Em textos separados no
encarte, Lonnie conta que Van Morrison tem um estilo incomum de
tocar skiffle ao violão, como se fosse um elo do jovem
Mudy Waters com Slam Stuart.
Chris Barber relembra dos momentos
de puro prazer durante os shows e recomenda o disco "a todos
vocês". Reverente, Van fala de sua paixão pelo
estilo e diz que é um prazer "voltar a tocar skiffle
novamente nas 'esquinas', com velhos/novos amigos, que tanto me
inspiraram."
Vários momentos
transbordam no disco, como a abertura com "It Takes a Worried
Man", com vocais de Lonnie e Chris.
O
disco acabou tendo um compacto de trabalho, I Wanna Go
Home.

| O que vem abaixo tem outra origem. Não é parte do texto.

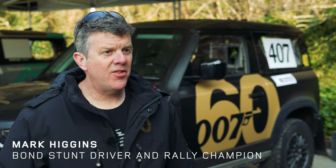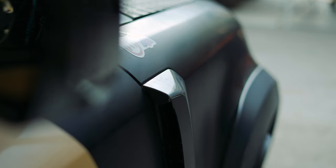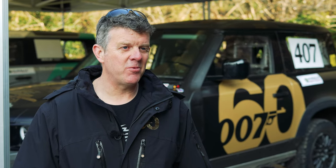We're here today with the 60th anniversary of Bond Defender, Classic Rally GB stages and beautiful sunshine, so looking forward to it. We've just got to get it to the end and hopefully the result will be there at the finish.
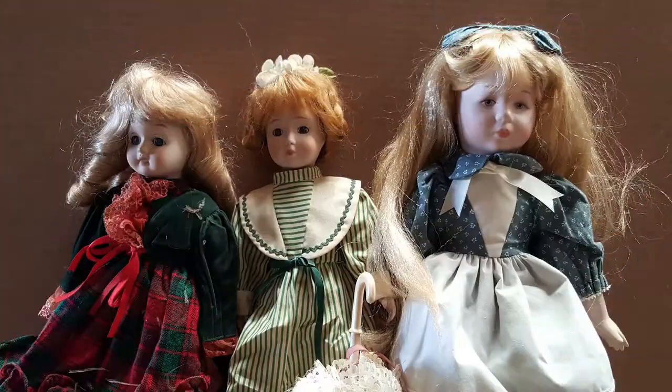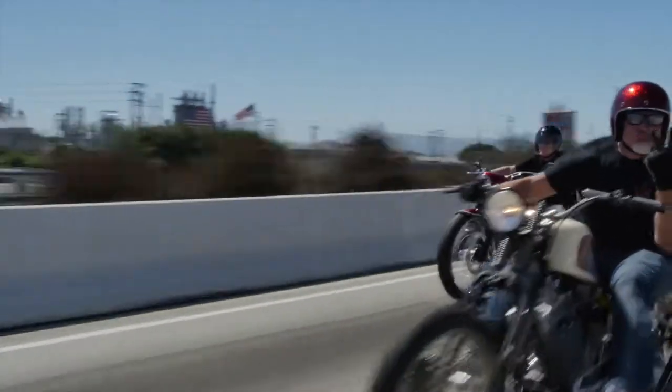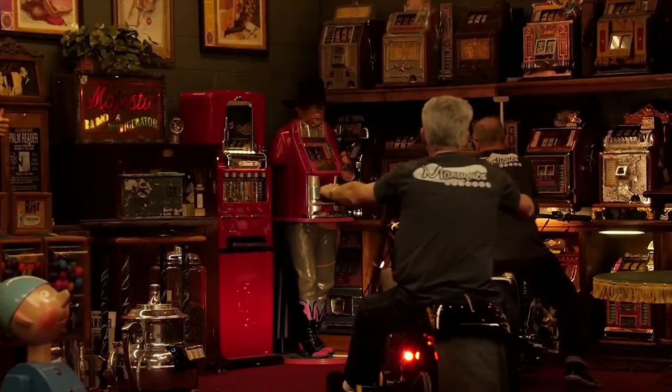These are Antiques. These are Mantiques. Antique. Mantique. These guys sell Mantiques — this is their store.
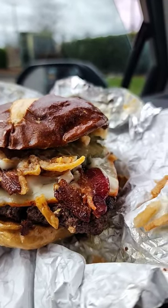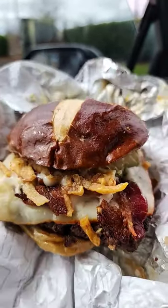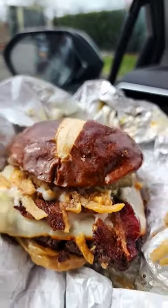Trying a new Wendy's Pretzel Bacon Pub Burger. It comes with beer cheese sauce, applewood smoked bacon, smoky honey mustard, crispy fried onions, pickles, and a slice of muenster cheese, all on an extra soft pretzel bun.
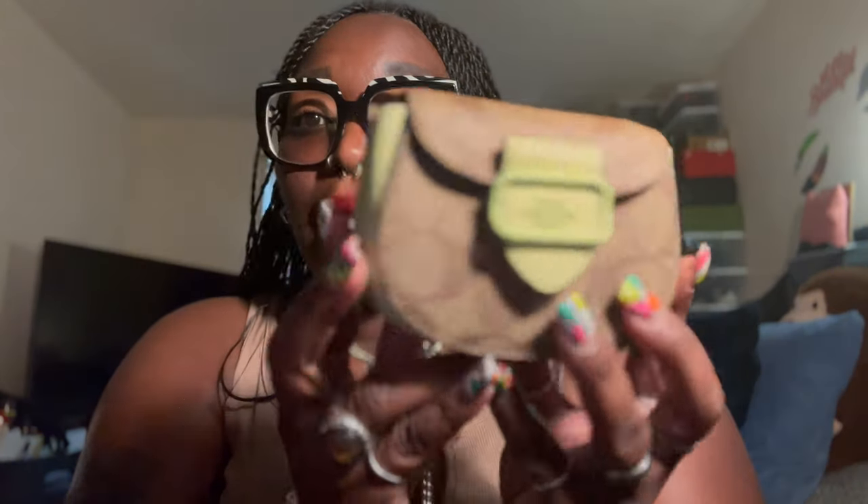Welcome back to Officially Coco! I'm going to show y'all what you can actually fit in this Coach mini crossbody bag. I forgot to mention it in a previous video, so we're getting into it now. This bag is currently on the Coach Outlet website for $53 — I paid $55 in-store, so online pricing may vary slightly.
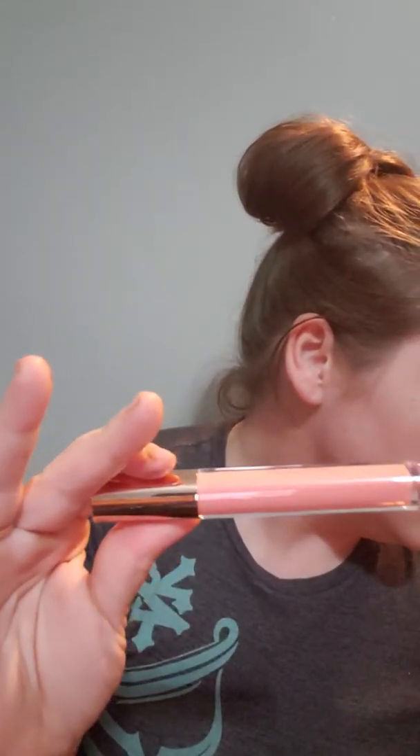The next thing I have is the Iconic London Lip Plumping Gloss. This is $26, in the shade Love Struck. I think it would be pretty over like a pinky neutral-tone lipstick. It's very nude, so you can't really see it that well.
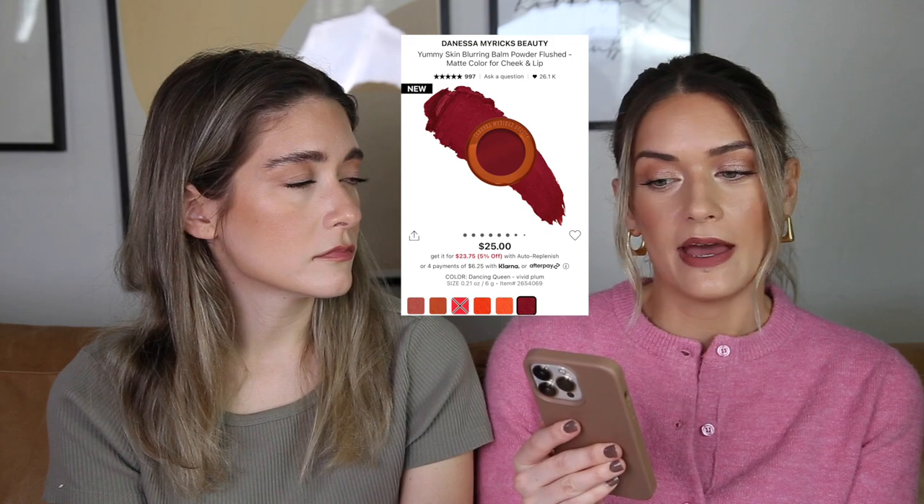Something I'm interested in buying eventually is the Danessa Myricks Yummy Skin Blurring Balm Matte Color for Lip and Cheek. Danessa Myricks has some of the most underrated formulations in color cosmetics. I love the balm contour and need to repurchase it. This product seems like a cream-to-powder formula that's really pigmented — I love that because a lot of creams stay dewy, which I don't like. The shade Dancing Queen, a vivid plum, really caught my eye, though I'm not sure if it's too deep for my skin tone. The colors are unique and it's only $25, so I'll pick it up eventually.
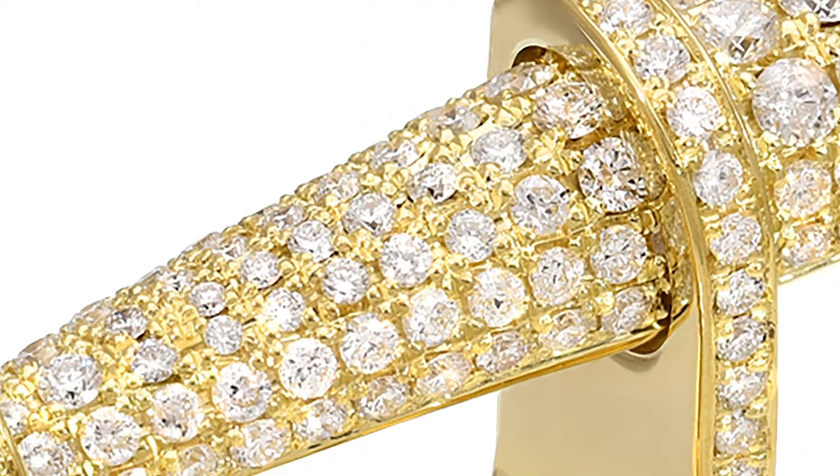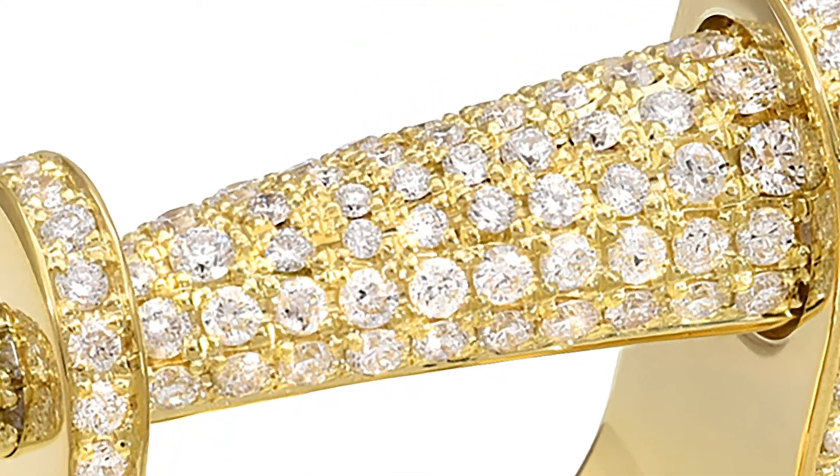These stones are set very close together and secured by droplets of metal, so the result is a very sparkly shimmer of diamonds or other colored gemstones.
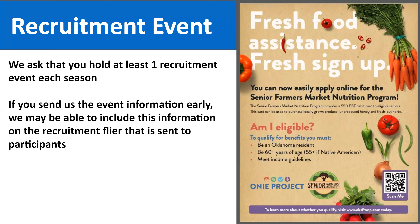We ask recruiters to hold at least one recruitment event each season, though you can hold more to fill your application numbers. We would also like you to send us your event information as early as possible — if we receive it in time before flyers are printed, we will include your event information on flyers mailed to seniors and waitlist seniors. Please send your recruitment event details to Deanna, Meredith, or Krisha at the end of this presentation.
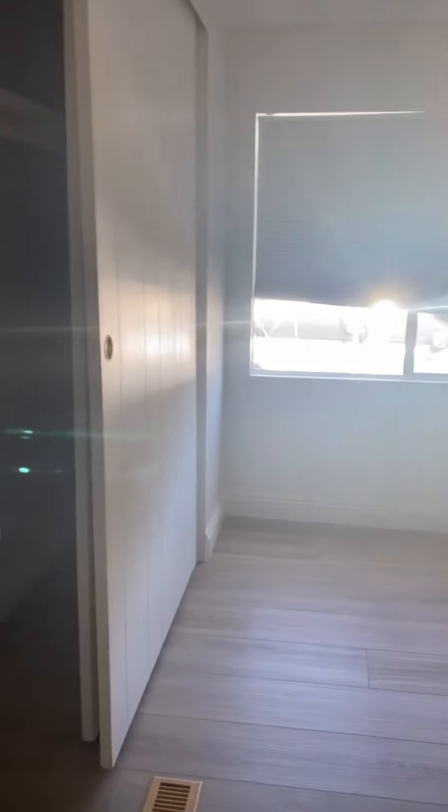Here's the first bedroom. All the house is very bright and light. Even with this room, I've kept the curtains halfway closed and it's still light.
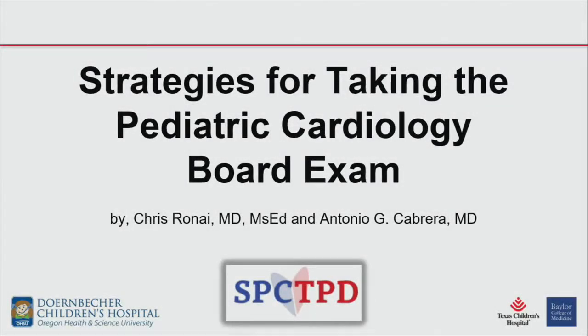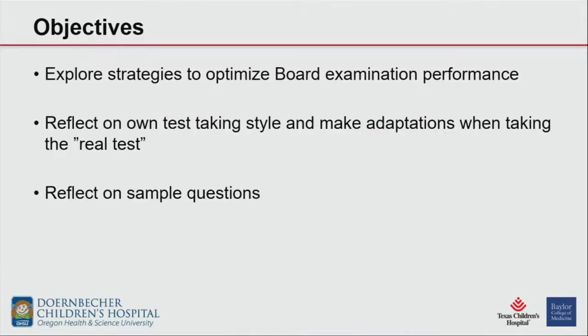I am Chris Renee, and these are personal and group consensus strategies for taking the pediatric cardiology board exam. Our objectives are to explore strategies to optimize your board performance, reflect on test-taking styles that will work best for you, how to make adaptations when taking the real test in real time, and then a few sample questions.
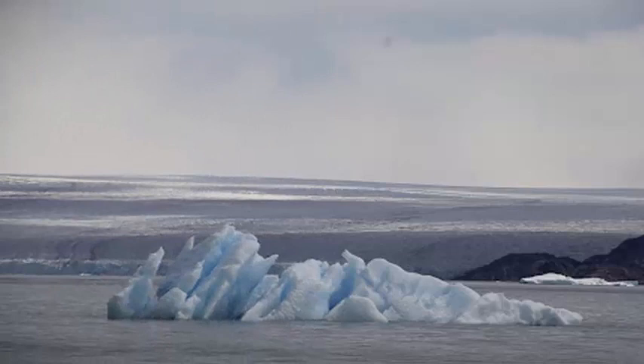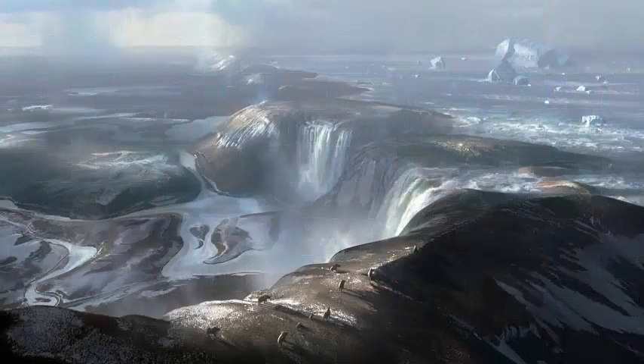The warm Antarctic Circumpolar Current passes fairly close to the continental shelf in this region, providing the source for this hot water.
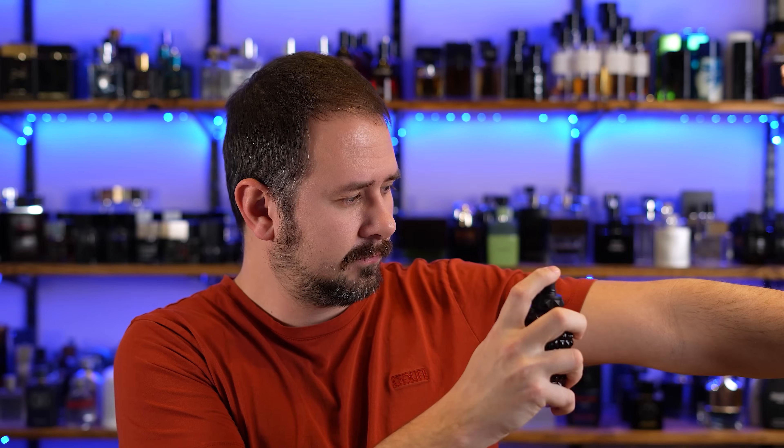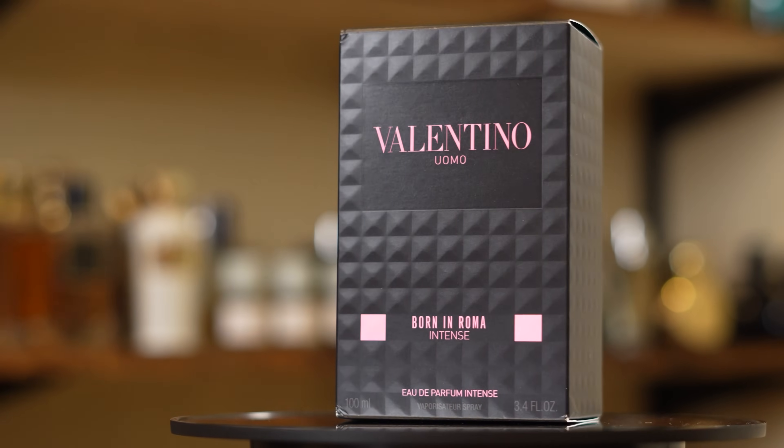Let's spray it on and let that settle for a sec. I have historically not been a huge supporter of the Born in Roma line, so my expectations are low but my hopes are high. I like it — this is pretty freaking good. It's powdery, more powdery than I was expecting, but not in an iris makeup kind of way — like a powdery vanilla. It's warm, a little bit fresh, decently sweet but not overbearingly sweet. The powder kind of takes the edge off, so it doesn't come across like bubble gum. It doesn't really smell too Invictus-y, and even though it doesn't, it's clearly tied in with Born in Roma, so the name makes sense.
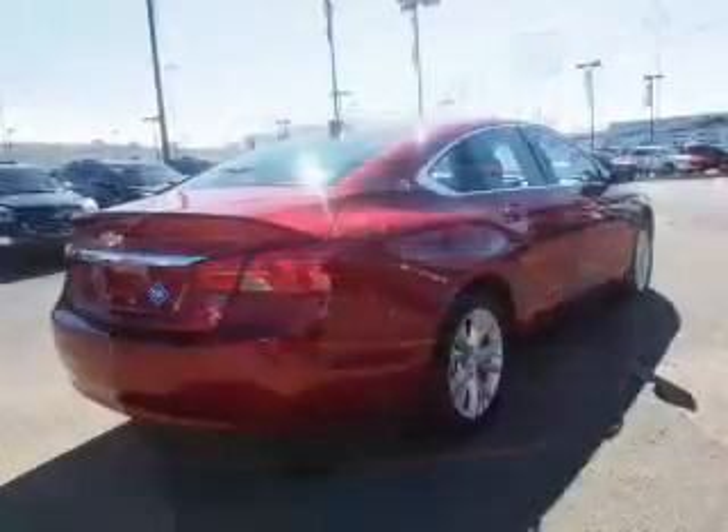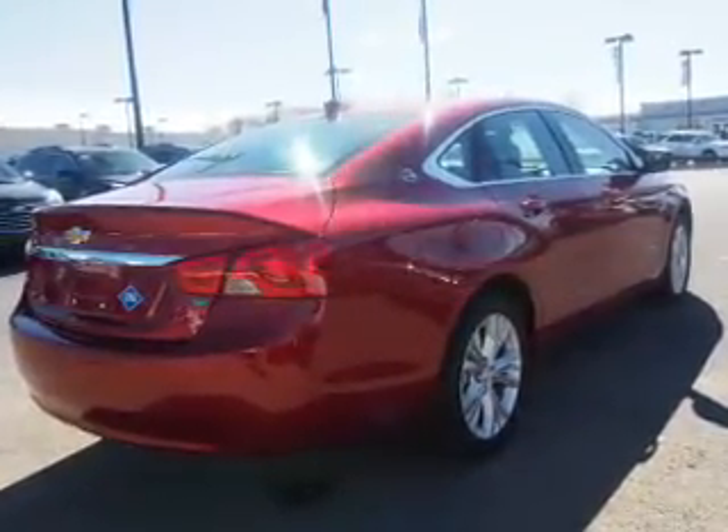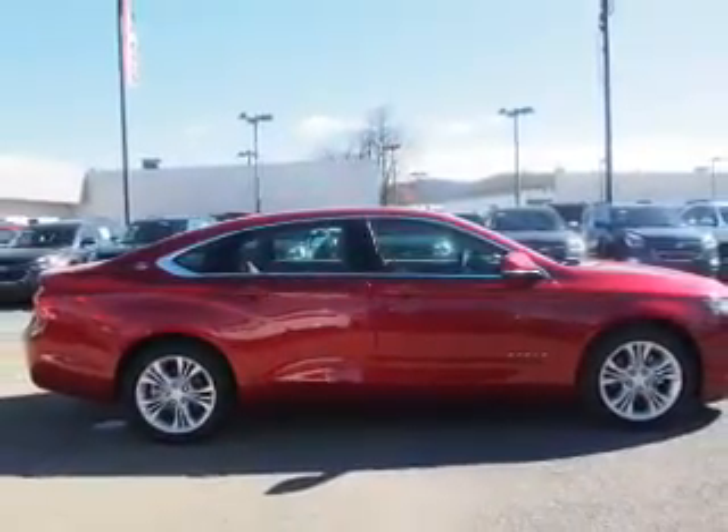Inside you'll find Bluetooth connectivity, Sirius XM satellite radio, an auxiliary input, remote start, steering wheel controls, automatic climate control, a backup camera, curtain head airbags, front airbags, and side airbags.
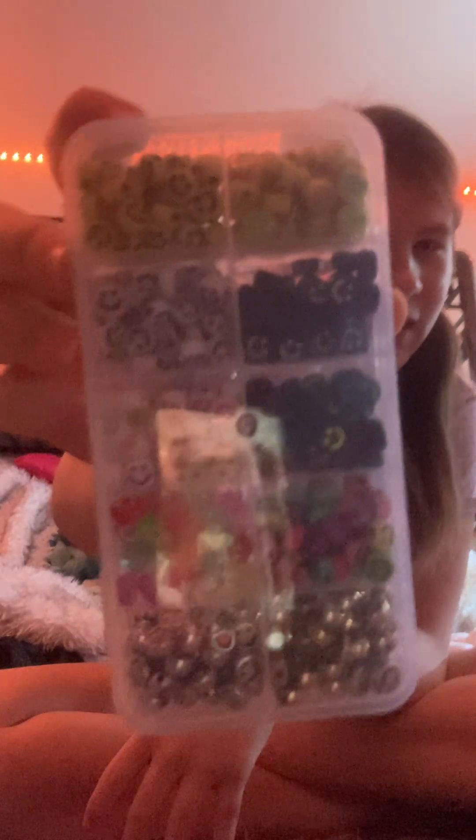I also like making bracelets — I have a ton of them — so I got this smiley face bead kit. It comes with a bunch of different kinds. There are yellow ones — hold on, I'll just show you. I hope you can see that.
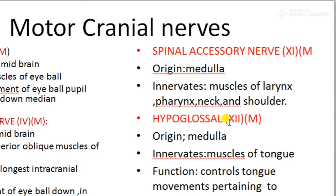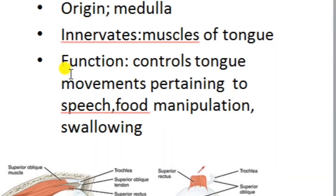The twelfth cranial nerve is the hypoglossal nerve. 'Glossal' means tongue. This nerve arises from the medulla region and innervates the muscles of the tongue. It controls left, right, up, and down movements of the tongue, and its function pertains to speech, food manipulation, and swallowing. In total there are five motor cranial nerves, three of which are exclusively for eyeball movement.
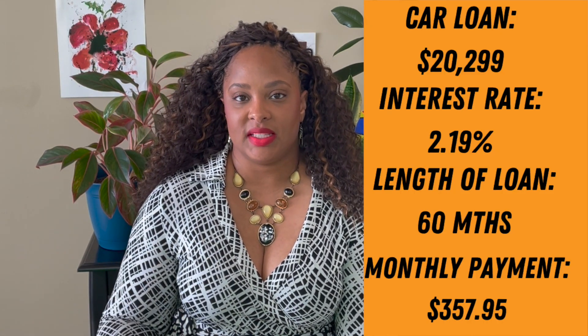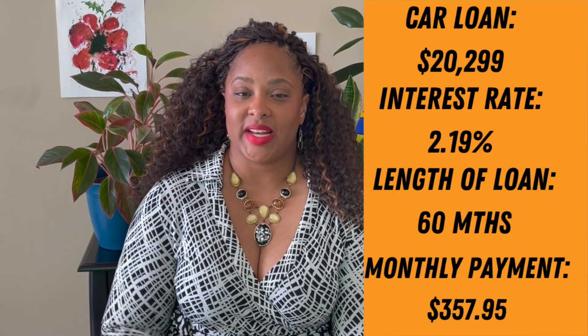And don't get me started on the car loan. I got my auto loan almost a year ago. At the time, my credit score with TransUnion was a 681, even though I thought it was higher. I was able to get the lowest interest rate for a 60-month loan — I got a 2.19% interest rate for a $20,000 loan. So how good was that?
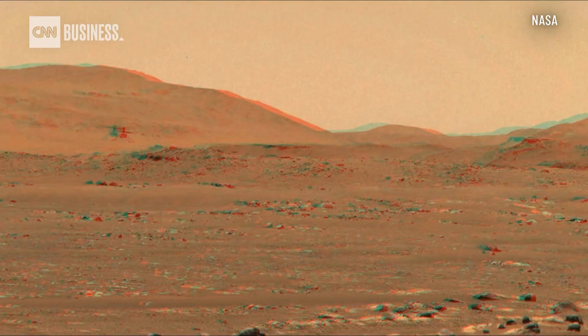Where is Ingenuity right now and how is it doing? Our baby's doing great. We're now two years flying on the red planet, and we've covered over 10 kilometers total distance, with more than an hour airborne. Did you ever imagine you would reach this point? Never, never, no.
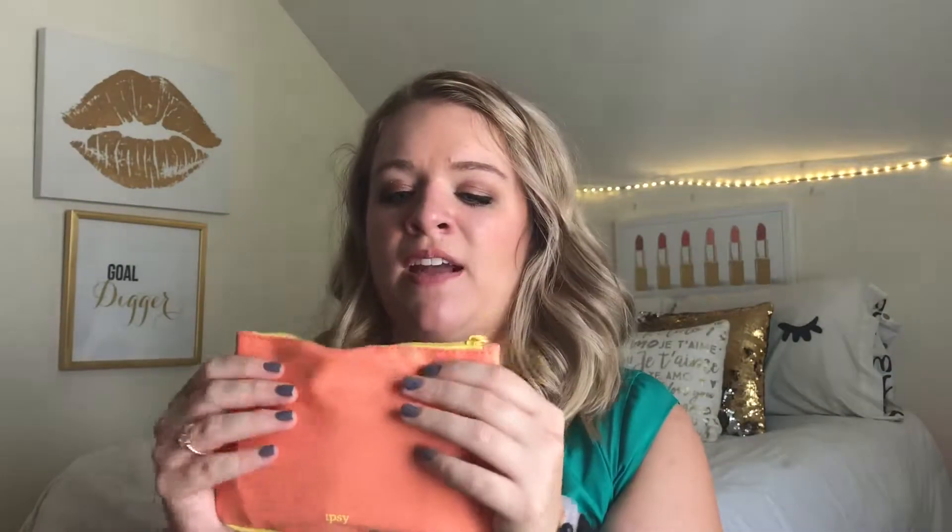Now let's actually jump into the glam bag itself. This month's bag is kind of a canvas material with a little tassel charm — very fun, bright summer colors. This month's theme is all about confidence and helping you look and feel radiant all month long, glowing from within. Always be sure to check out Ipsy's website because they put a ton of tips and tricks on how to use your products, like different eyeshadow techniques.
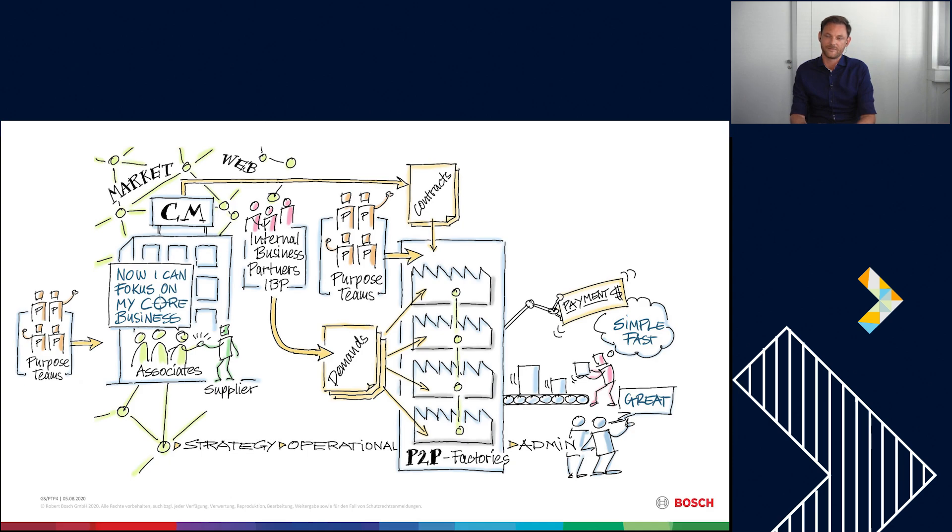I am a product owner for one purpose team in the P2P area. There are also purpose teams supporting category management with the general setup of material field strategy, supplier strategy, and IT and processes. On the other side you see the P2P factories — we have four different factories on global level, which we call hubs. We have one main hub in India, one in Romania, one in China, and one in Costa Rica, supporting roughly 3.8 million transactions. Four purpose teams support the P2P factories in further developing processes and IT to automate as much as possible and save money on every transaction.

Infelizmente, o CD se encontra fora de catálogo,
mas não se descabele, pois já há está
planejado um relançamento - assim como outros títulos
de Van - em janeiro de 2009. Por enquanto, o jeito é ir
abaixando pela internet ou pegar uma cópia emprestada (menos
a minha, é claro).
Se quiser saber mais sobre
o skiffle, acesse um esclarecedor texto sobre o estilo
clicando aqui.
Um abraço e até
a próxima coluna.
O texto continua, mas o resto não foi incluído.